'''
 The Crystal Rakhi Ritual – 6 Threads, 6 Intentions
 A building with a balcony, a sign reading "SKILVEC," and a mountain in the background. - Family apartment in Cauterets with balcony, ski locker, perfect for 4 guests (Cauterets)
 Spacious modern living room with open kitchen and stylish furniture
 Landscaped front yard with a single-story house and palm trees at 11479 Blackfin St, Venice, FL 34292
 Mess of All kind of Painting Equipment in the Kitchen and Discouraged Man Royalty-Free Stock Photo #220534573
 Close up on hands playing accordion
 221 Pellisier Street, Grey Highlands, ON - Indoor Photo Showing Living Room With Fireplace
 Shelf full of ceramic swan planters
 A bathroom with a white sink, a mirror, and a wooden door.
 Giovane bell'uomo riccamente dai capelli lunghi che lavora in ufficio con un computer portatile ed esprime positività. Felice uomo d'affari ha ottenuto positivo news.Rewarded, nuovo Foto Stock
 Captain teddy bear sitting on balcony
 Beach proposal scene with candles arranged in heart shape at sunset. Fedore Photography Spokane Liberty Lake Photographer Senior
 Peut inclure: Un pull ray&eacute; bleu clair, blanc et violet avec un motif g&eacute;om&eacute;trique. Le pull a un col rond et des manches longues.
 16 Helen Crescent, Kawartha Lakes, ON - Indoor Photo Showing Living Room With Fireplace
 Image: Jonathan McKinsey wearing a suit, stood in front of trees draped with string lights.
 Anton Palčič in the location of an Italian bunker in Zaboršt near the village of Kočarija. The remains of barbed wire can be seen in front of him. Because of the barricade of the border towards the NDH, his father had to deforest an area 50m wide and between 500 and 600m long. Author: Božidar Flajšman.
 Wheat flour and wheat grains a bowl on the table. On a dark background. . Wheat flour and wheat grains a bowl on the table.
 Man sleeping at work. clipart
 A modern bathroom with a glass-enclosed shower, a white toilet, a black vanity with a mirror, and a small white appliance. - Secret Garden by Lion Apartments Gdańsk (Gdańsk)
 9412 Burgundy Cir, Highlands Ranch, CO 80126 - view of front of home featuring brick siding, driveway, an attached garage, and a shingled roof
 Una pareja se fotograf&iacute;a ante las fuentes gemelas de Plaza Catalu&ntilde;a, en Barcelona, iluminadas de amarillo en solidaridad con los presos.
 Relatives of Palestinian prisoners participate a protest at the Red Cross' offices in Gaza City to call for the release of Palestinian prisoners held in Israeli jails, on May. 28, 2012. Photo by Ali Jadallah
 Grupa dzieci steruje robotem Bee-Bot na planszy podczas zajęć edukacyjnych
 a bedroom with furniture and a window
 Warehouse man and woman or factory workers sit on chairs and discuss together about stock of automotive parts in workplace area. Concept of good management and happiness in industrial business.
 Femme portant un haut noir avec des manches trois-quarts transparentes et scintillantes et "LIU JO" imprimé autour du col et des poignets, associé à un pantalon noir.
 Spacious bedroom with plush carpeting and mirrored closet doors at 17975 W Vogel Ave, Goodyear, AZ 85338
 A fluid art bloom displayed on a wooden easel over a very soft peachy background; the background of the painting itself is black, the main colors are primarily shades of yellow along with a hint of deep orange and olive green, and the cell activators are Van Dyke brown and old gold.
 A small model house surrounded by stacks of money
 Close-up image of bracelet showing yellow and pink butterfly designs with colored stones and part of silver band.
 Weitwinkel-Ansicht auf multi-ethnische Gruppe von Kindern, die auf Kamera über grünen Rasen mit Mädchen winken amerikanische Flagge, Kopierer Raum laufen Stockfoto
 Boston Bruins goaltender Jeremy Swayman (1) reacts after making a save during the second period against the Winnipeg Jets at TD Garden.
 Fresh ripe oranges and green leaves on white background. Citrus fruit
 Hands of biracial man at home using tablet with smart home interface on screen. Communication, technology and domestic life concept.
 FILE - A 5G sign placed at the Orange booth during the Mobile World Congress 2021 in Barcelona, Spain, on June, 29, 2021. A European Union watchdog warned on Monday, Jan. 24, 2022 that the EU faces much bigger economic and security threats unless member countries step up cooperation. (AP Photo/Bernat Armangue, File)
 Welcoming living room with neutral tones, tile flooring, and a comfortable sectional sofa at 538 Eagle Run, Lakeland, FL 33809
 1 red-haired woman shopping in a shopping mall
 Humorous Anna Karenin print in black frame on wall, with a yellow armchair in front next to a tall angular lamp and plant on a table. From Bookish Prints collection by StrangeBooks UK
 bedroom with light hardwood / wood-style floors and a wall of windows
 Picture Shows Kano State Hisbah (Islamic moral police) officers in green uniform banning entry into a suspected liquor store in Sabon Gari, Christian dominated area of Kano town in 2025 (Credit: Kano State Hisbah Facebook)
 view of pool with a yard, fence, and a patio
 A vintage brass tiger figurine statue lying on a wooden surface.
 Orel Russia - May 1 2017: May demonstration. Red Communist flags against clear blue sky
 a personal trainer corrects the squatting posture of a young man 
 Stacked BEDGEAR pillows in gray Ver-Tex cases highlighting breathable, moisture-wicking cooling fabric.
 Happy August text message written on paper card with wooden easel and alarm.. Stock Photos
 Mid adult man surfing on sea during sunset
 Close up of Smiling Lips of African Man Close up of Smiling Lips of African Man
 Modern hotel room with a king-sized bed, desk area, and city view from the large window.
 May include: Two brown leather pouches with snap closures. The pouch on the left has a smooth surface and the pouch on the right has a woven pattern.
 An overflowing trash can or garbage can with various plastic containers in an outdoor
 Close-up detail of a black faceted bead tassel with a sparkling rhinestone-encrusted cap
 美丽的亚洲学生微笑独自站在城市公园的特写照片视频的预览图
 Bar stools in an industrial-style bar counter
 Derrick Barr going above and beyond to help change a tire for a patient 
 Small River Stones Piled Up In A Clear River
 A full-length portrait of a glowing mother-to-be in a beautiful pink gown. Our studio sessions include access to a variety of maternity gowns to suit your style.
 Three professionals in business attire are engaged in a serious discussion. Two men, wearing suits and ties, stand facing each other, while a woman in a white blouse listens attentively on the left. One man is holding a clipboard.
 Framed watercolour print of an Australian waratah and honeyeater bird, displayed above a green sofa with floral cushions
'''
State the number of lines in the data above that include the word "yard", leaving out any other words.

2